The entries below must be reproduced exactly; their pictures are not part of the copy.

● Records for this exercise:
--------

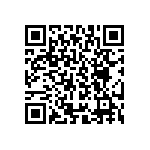 CPWN0740R20FB143 QRCode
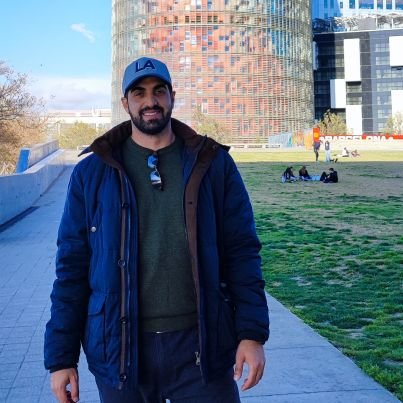 29. Ingeniero Civil de la UCV
Profesor Estructuras de Acero UCV y UNIMET
Instagram: @hanikonaykework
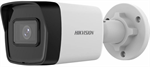 Hikvision IP bullet kamera DS-2CD1043G2-IUF(4mm), 4Mpx, 4mm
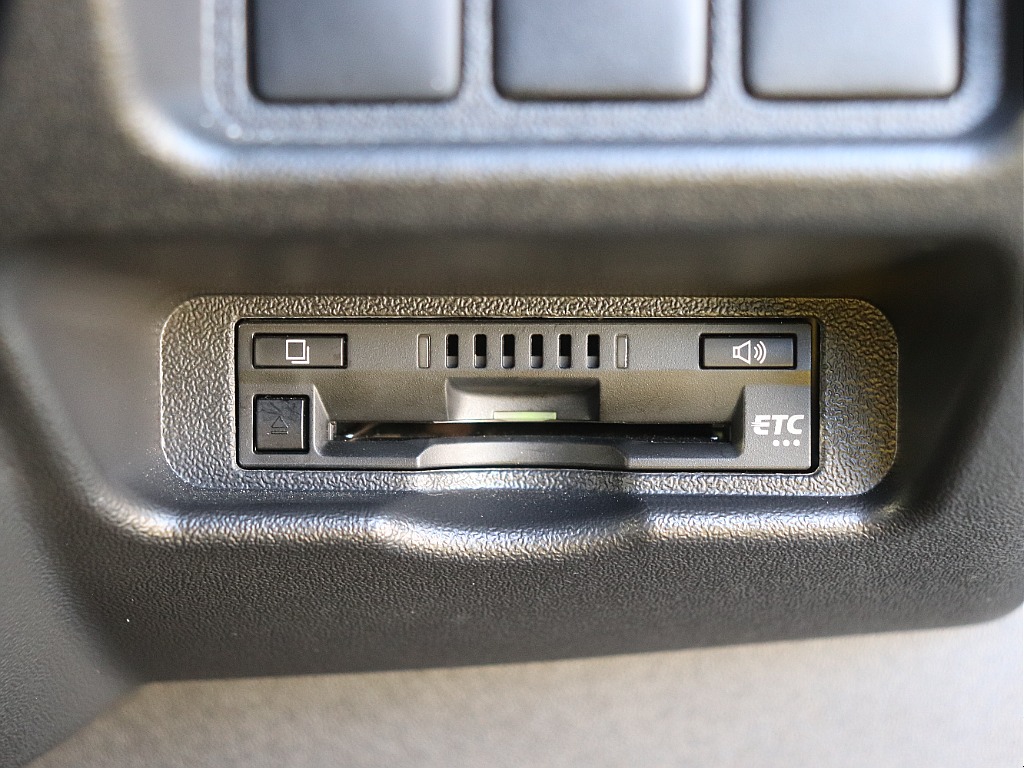 トヨタ ハイエースバン(22枚目)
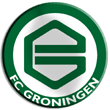 Zur Homepage des FC Groningen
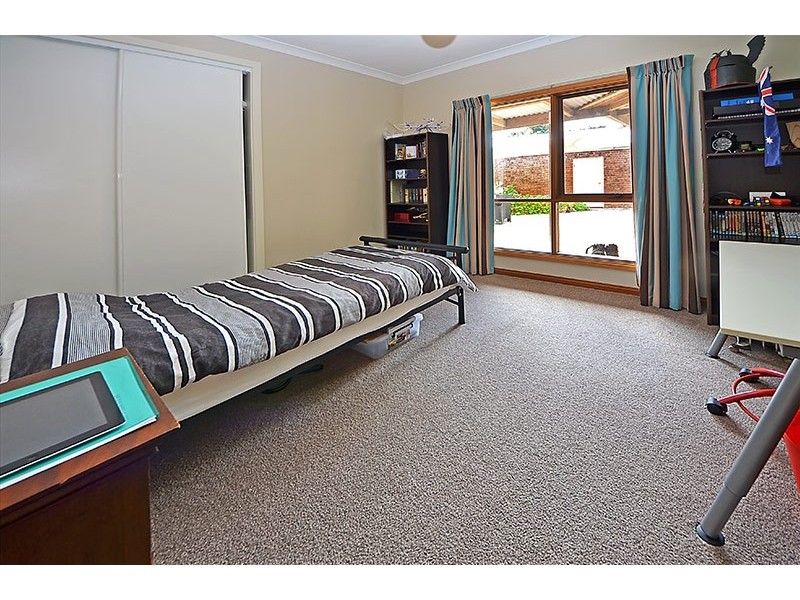 103 Benbows Road, Portland VIC 3305
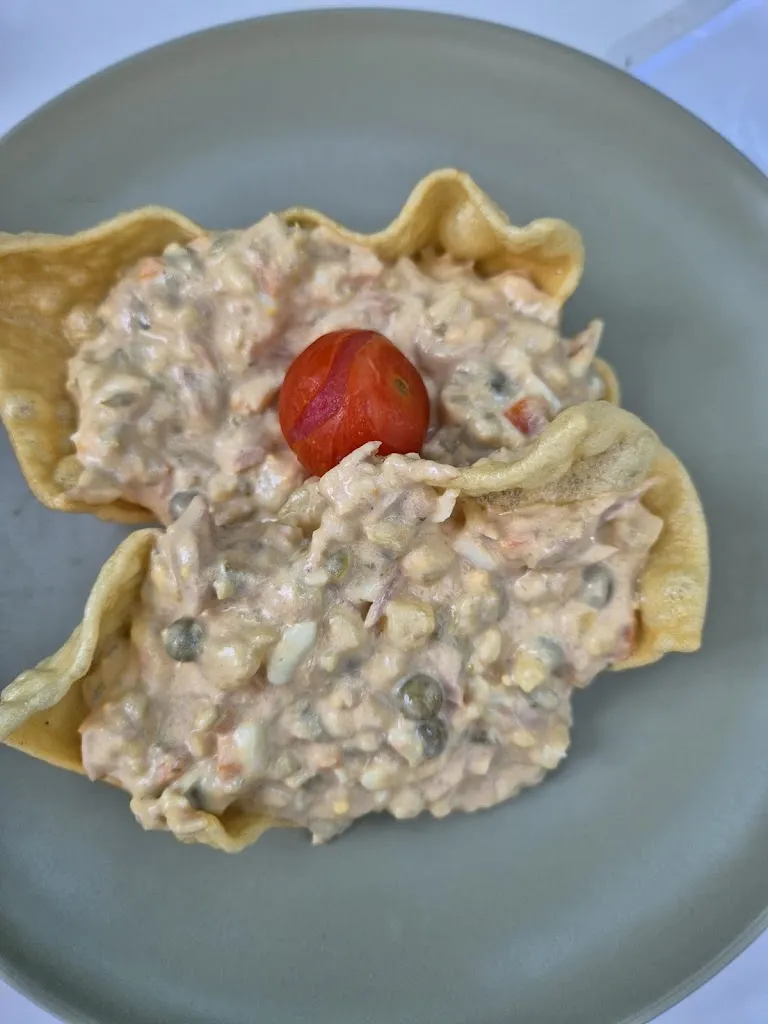 Menu_El Huerto de Victoria_Candeleda_image_7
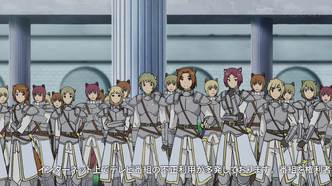 Собачья жизнь (2011)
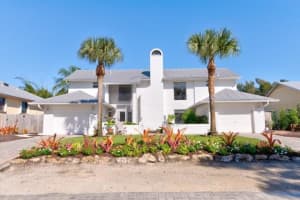 5125 SE Matousek Street, Stuart, FL 34997 - MLS#R11133004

--------

● Output:
 CPWN0740R20FB143 QRCode
 29. Ingeniero Civil de la UCV
Profesor Estructuras de Acero UCV y UNIMET
Instagram: @hanikonaykework
 Hikvision IP bullet kamera DS-2CD1043G2-IUF(4mm), 4Mpx, 4mm
 トヨタ ハイエースバン(22枚目)
 Zur Homepage des FC Groningen
 103 Benbows Road, Portland VIC 3305
 Menu_El Huerto de Victoria_Candeleda_image_7
 Собачья жизнь (2011)
 5125 SE Matousek Street, Stuart, FL 34997 - MLS#R11133004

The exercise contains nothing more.